21 Days of Gender and Sexuality Inclusion (GASI)
The 21 Days for Gender and Sexuality Inclusion (GASI) Challenge is a program to provide participants with the tools to learn about gender and sexuality as it impacts their experiences. This challenge is inspired by Oprah and Deepak Chopra’s 21 Day Meditation Experience; they follow the idea that if you do something for 21 days, you will create a habit. 21 days for GASI was created after Wellesley student, staff, and faculty feedback from ‘21 Days against Racism’ in the Fall 2020 requesting more content addressing gender and sexuality as a community.
This is one of the many ways that our Wellesley community is showing up for the LGBTQ+ community members. Various Wellesley departments and offices saw the significance of this challenge in continuing the shift of the Wellesley community's values to be more inclusive and collaborated with OICE and the LGBTQ+ office to produce this program.
The Inclusion Initiative
The purpose of the Inclusion Initiative is to promote peer-led cross-cultural conversations within the Wellesley College community around issues of identity. Each year, the program will train a cohort of paid peer facilitators to lead 90-minute workshops on topics such as oppression and privilege, racism, socioeconomic class, gender, sexual orientation, immigration, disability/ability awareness among others.

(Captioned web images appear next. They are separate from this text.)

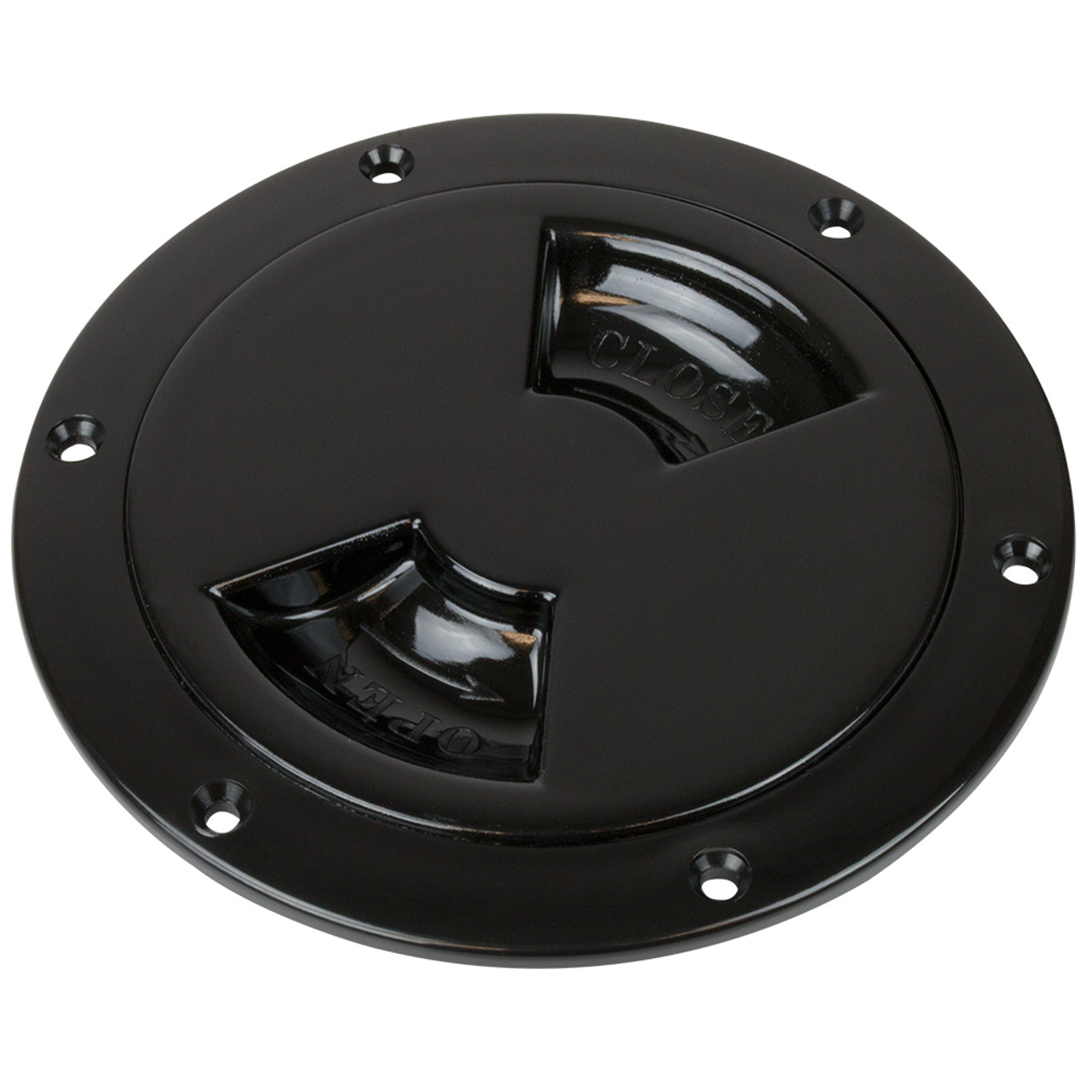 Sea-Dog Smooth Quarter Turn Deck Plate - Black - 4" [336145-1]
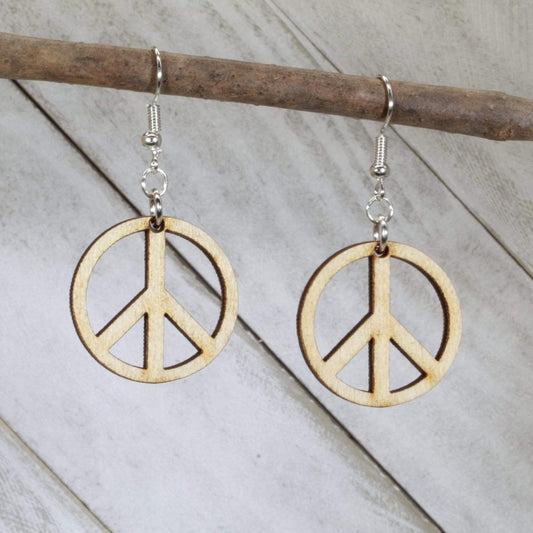 Hand-painted wooden peace symbol dangle earrings with retro boho hippie design and hypoallergenic sterling silver hooks, lightweight peace statement jewelry earrings for festival fashion and free-spirited style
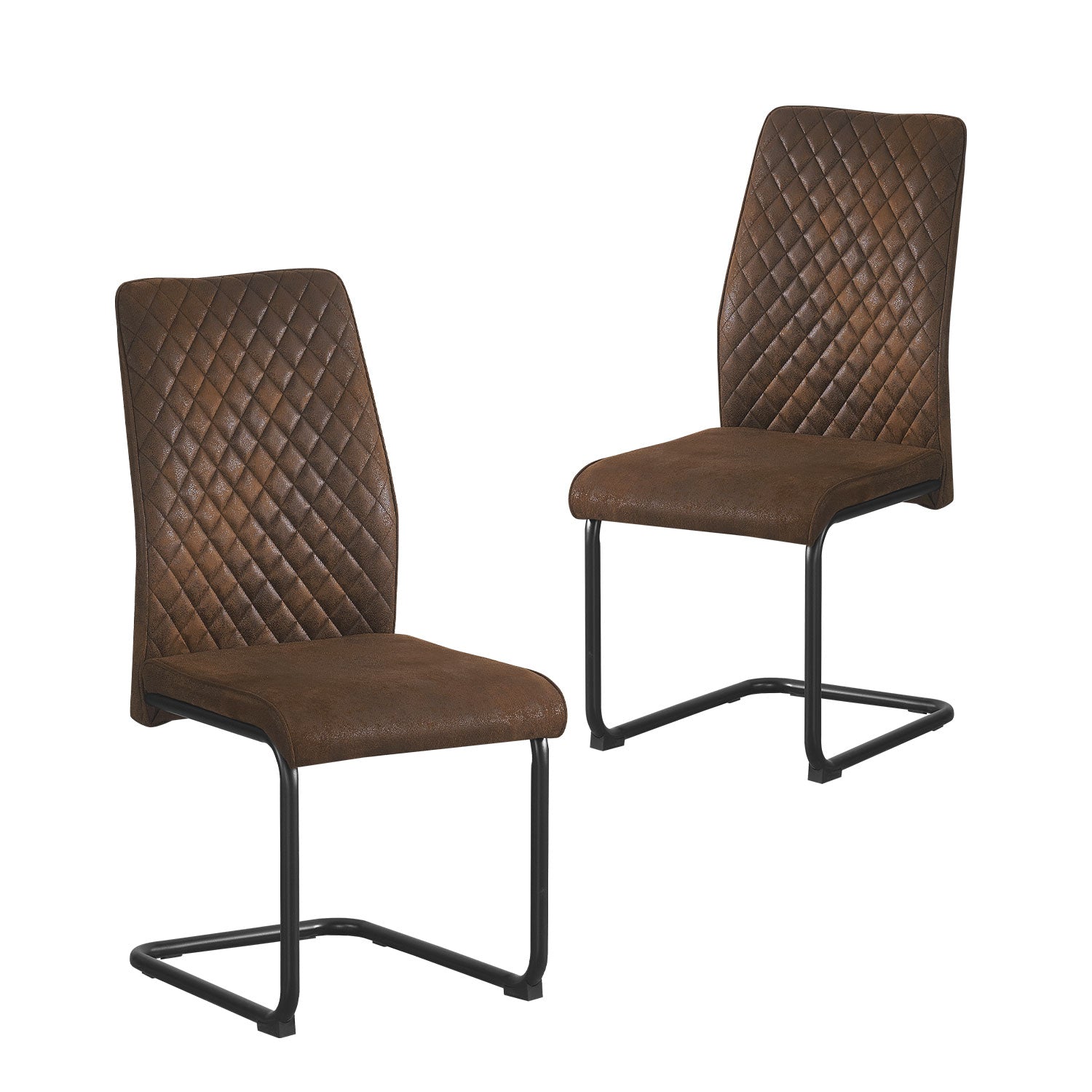 Esszimmerstühle 2er Set THEO – Schwingstuhl mit Steppdesign & Kunstlederbezug | B&D home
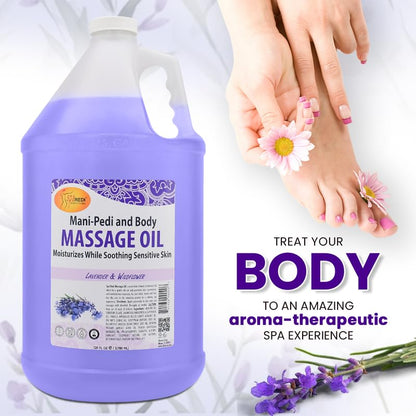 SPA REDI Massage Oil – Lavender Wildflower (128 Oz) | Full Body Massage Therapy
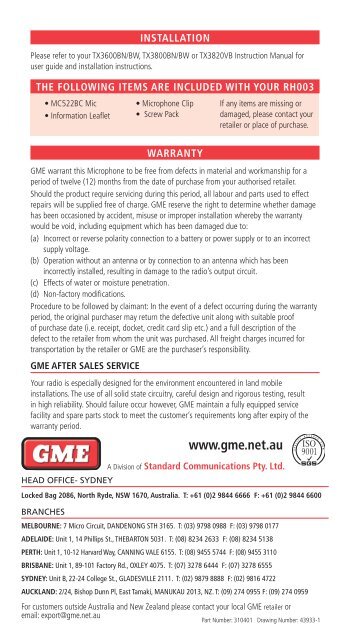 Instruction Manual - GME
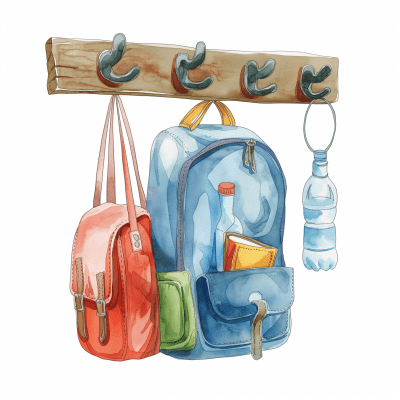 Backpacks and Water Bottle on Wooden Rack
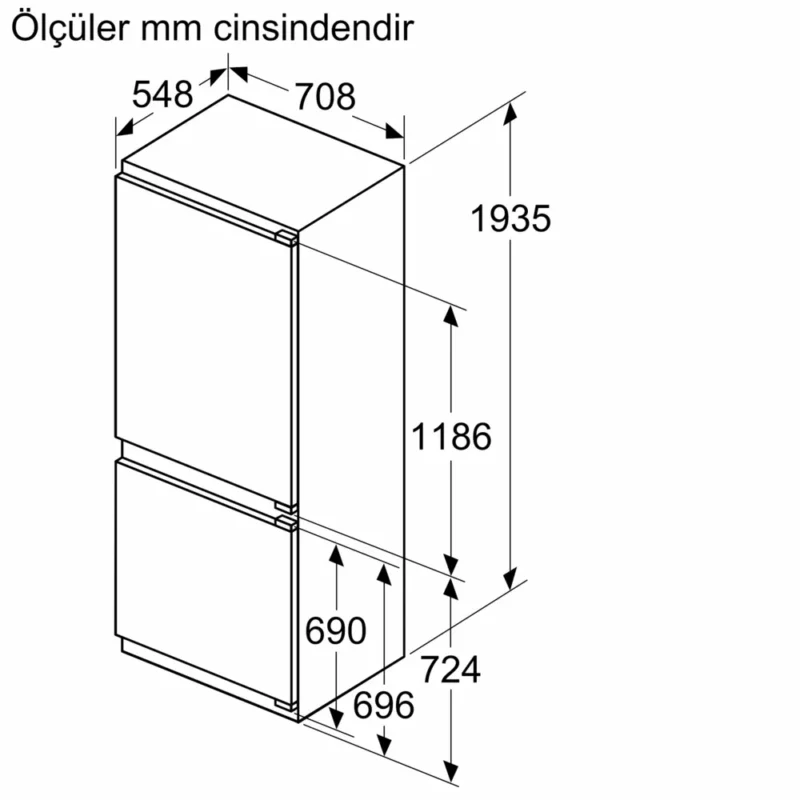 KB96NADD0 iQ500 Alttan Donduruculu Ankastre Buzdolabı 193.5 x 70.8 cm softClosing Düz Menteşe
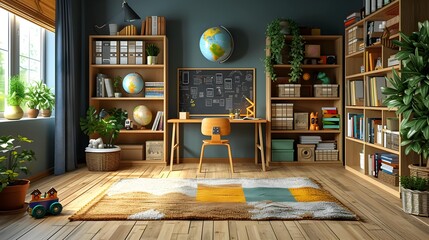 Children's Study Room at Home - Modern Spacious Interior with Desk, Chair, Bookshelves, Chalkboard, Lamps, Earth Globe, Plants, Boxes, Toys, Rug, and Laminate Flooring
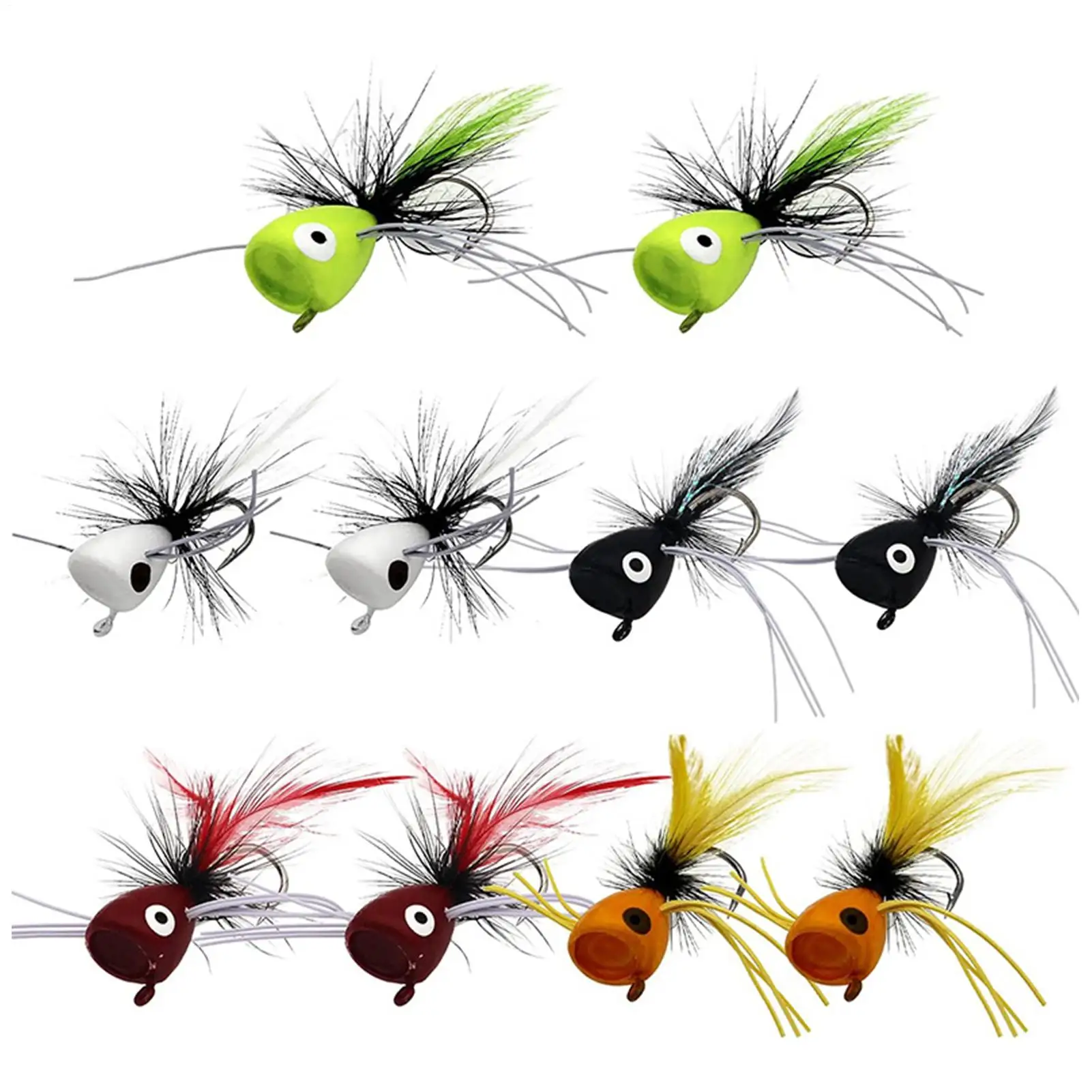 

Приманки для окуня, красочные поппер-мушки, набор в ассортименте, многофункциональные рыболовные снасти, аксессуары, пресноводная приманка для моря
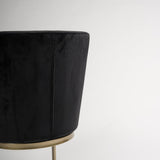 Black Upholstered Dining Chair with Gold Legs - Laura James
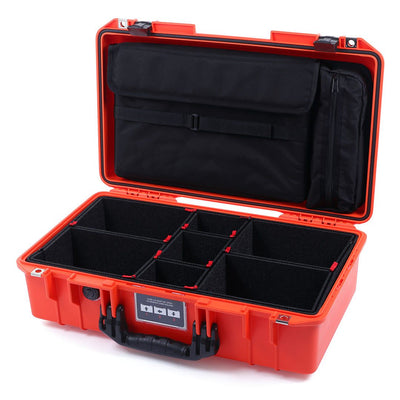 Pelican 1525 Air Case, Orange with Black Handle & Latches TrekPak Divider Sytem with Laptop Computer Pouch ColorCase 015250-0220-150-110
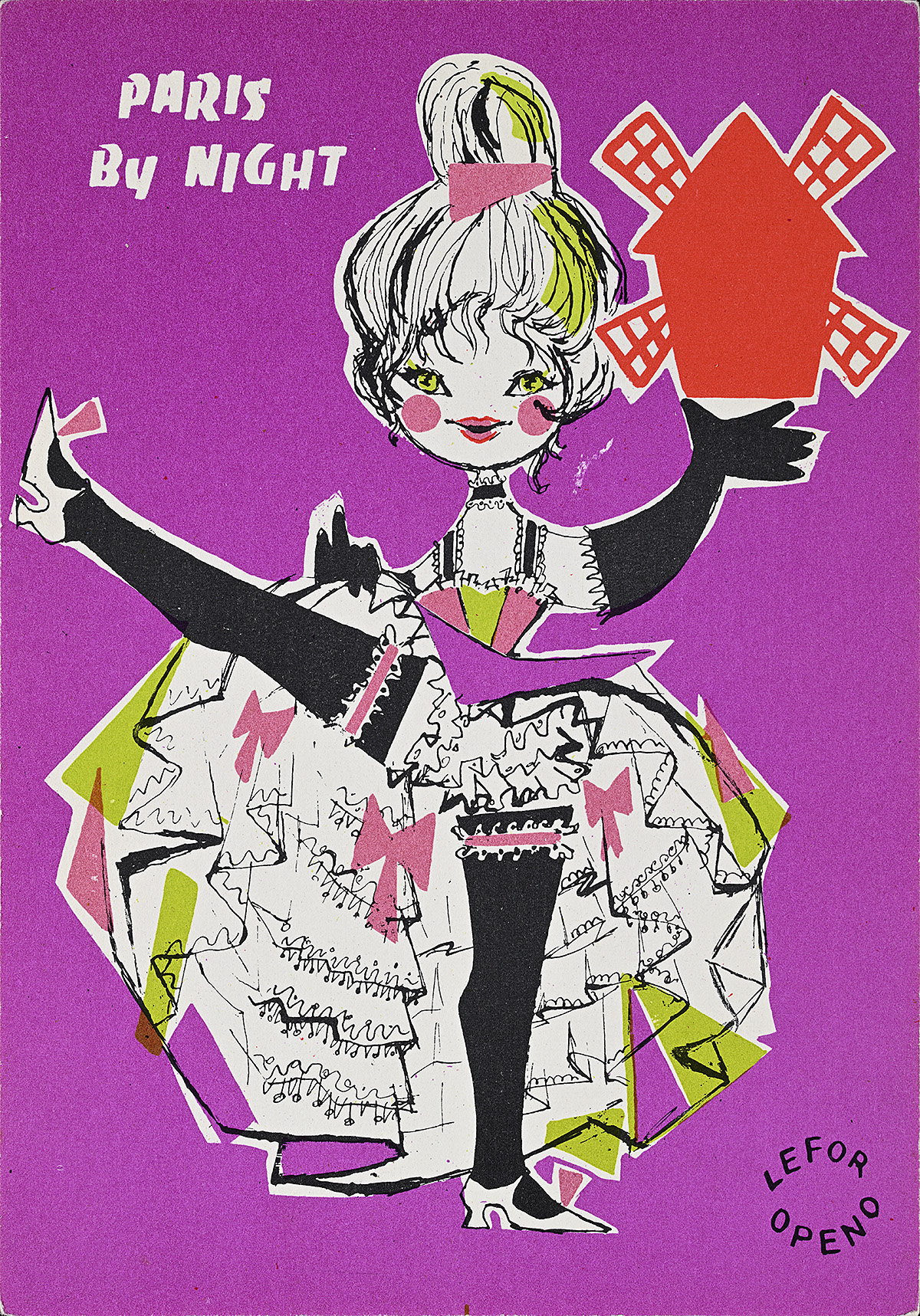 A postcard with an illustration of a woman in an elaborate dress holding up a red house in her hand.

MODULE 1: PRIVILEGE, OPPRESSION, AND IDENTITIES
As a result of this module, participants will be able to articulate aspects of power/privilege in society and their lives, identify the four I’s of oppression, and utilize that oppression model to understand dynamics within Wellesley College.
MODULE 2: RACE AND RACISM
As a result of this module, participants will have a better understanding of the definitions of race and racism, be able to articulate the four I's of oppression, and identify ways that you can combat racial oppression in your communities.
MODULE 3: EXPLORING CLASS AND CLASSISM
As a result of this module, participants will be able to become more conscious of the strengths and limitations of one’s own class background, understand the definitions of class and classism, gain more awareness of class differences and their impacts, and better understand the power and resilience in people who are poor.
MODULE 4: GENDER IDENTITIES AND SEXUAL ORIENTATION
As a result of this module, participants will be able to articulate the differences in definitions of sex, gender, gender identity, and sexual orientation, develop awareness of privileges and oppressions relating to gender and sexual orientation, and locate this conversation in the context of Wellesley.
MODULE 5: FROM AWARENESS TO ALLYSHIP TO ACCOMPLICE
As a result of this module, participants will be able to define the differences between different levels of allyship, recognize the differences between performative allyship and true allyship, identify where they are in the Ally Continuum in relation to various topics, and articulate actionable steps to move further in the Ally Continuum.
MODULE 6: IMPLICIT BIAS
As a result of this module, participants will be able to deepen understanding of what implicit bias is, develop awareness about first messages we received about race, religion, socio-economic background, and gender, increase awareness of the impact of bias behaviors in interpersonal relations and practice strategies for countering implicit bias.